Rivkin and Casey: Bill’s Detainee Provisions Reaffirm the Law of War
Gen. David Irvine’s objections to the detainee provisions in the 2012 defense budget bill miss the mark.
These provisions do not change existing U.S. counterterrorism policy, much less challenge the country’s values or character. Rather, they reaffirm measures adopted shortly after 9/11, which the Bush and Obama administrations have rightly seen fit to maintain.
In the wake of 9/11, President George W. Bush concluded that a military response to al-Qaida and its allies was in order, for the obvious reason that the civilian law enforcement system was unable to prevent those devastating attacks. Congress wholeheartedly supported Bush’s decision, adopting a specific Authorization for the Use of Military Force on Sept. 18, 2001.
The United States is, therefore, at war with al-Qaida, its allies and its supporters. U.S. operations against those groups and individuals are governed by the laws of war, which clearly permit U.S. forces to attack al-Qaida’s leadership, operatives, and others who themselves engage in or support hostilities against the United States. In addition, throughout the conflict, the United States is entitled to capture and detain such persons, without criminal charge or trial. Although these detentions may be protracted, they are not “indefinite” because they must end when the fighting does. The Supreme Court has repeatedly upheld the legality of this policy.
It is for this very reason that the 2012 defense authorization bill would reaffirm both the nature of hostilities between al-Qaida and the United States, and these basic rules. In fact, the bill makes clear that detainees’ “disposition” is governed by the law of war — including “long term detention under the law of war without trial until the end of hostilities.”
It also clarifies that U.S. citizens can be held on the same basis but only “to the extent permitted by the Constitution of the United States.”
This is no invitation to remake constitutional law, but the invocation of existing Supreme Court precedent (some dating back to the Civil War and some that are post-9/11) that clearly permits the military detention (and even trial) of citizens who have themselves engaged in hostile acts or have supported such acts to the extent that they are properly classified as “combatants” or “belligerents.”
The bill does not define all of the groups who are al-Qaeda’s “associated forces” — a practical impossibility because of the irregular nature of al-Qaeda’s own organization and its transnational jihad — but makes clear that these forces must be “engaged in hostilities against the United States or its coalition partners.”
This basic limiting factor prevents improper action against groups or individuals who merely sympathize with al-Qaida or its goals.
In no way does the defense bill “militarize our system of justice.” Rather, it makes clear that the primary U.S. response to al-Qaida is, and will remain, military.
For 10 years now, debate has raged about whether a criminal justice approach to al-Qaida would more effectively protect U.S. national interests than a military one.
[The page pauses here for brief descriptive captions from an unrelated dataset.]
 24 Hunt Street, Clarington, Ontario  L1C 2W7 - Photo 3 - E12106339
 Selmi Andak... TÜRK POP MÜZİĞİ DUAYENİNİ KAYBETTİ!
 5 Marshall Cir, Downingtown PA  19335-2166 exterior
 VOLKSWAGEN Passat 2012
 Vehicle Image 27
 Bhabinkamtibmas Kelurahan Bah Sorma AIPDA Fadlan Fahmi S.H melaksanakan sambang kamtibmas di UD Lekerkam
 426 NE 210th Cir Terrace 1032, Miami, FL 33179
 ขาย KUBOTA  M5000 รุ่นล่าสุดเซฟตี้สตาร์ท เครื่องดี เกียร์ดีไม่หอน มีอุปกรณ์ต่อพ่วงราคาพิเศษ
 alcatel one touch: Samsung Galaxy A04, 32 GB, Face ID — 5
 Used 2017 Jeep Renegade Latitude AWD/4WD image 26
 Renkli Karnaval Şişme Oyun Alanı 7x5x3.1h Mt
Those who support a law enforcement model, however, have yet to articulate an answer to the most fundamental legal and practical objection to their position: If al-Qaida is to be treated merely as another global criminal organization, then U.S. forces cannot lawfully attack it anywhere in the world.
The legal rules governing law enforcement and war are fundamentally different. Authorities can use deadly force against criminal suspects only in the most narrow circumstances and almost always as a last resort. Unless perpetrators are caught in the act, they can be arrested only on properly issued warrants, and custody of perpetrators in foreign jurisdictions must be secured through the often time-consuming processes of international judicial cooperation.
Once apprehended, criminal suspects enjoy a plethora of rights designed to even the playing field between them and their governmental accusers. Moreover, the entire criminal justice system is based on the assumption that the potential for prosecution and punishment will, for the most part, deter illegal conduct. This system is manifestly unsuited to confronting a worldwide network of zealots who are determined to make war on the United States for their own ideological and geopolitical purposes.
Certainly, terrorism prosecutions in civilian courts can, and have, made a difference in the fight against international terror. However, redefining that fight as solely a law-enforcement problem in which such proceedings are the central mechanism to “defeat” al-Qaida is a recipe for disaster. President George W. Bush and President Barack Obama have rightly chosen not to take that path. Military force, and the body of law associated with it, is the only means by which the United States can degrade al-Qaida’s capabilities and ultimately grind it out of existence.
Force also is the only means by which Washington can effectively protect the American people from future attacks by al-Qaida, its allies and supporters. Demanding that protection does not transform our country into the home of the chicken-hearted. As law and morality make clear: Civilians are not legitimate targets of attack.
The American people have a right to expect that their government will secure them from attack by armed enemies so that they can continue to enjoy the liberties that define the nation.
David B. Rivkin Jr. and Lee A. Casey are partners in the Washington office of Baker Hostetler LLP, and served in the Justice Department during the Reagan and George H.W. Bush administrations. Rivkin is also co-chairman of the Center for Law & Counterterrorism at the Foundation for Defense of Democracies.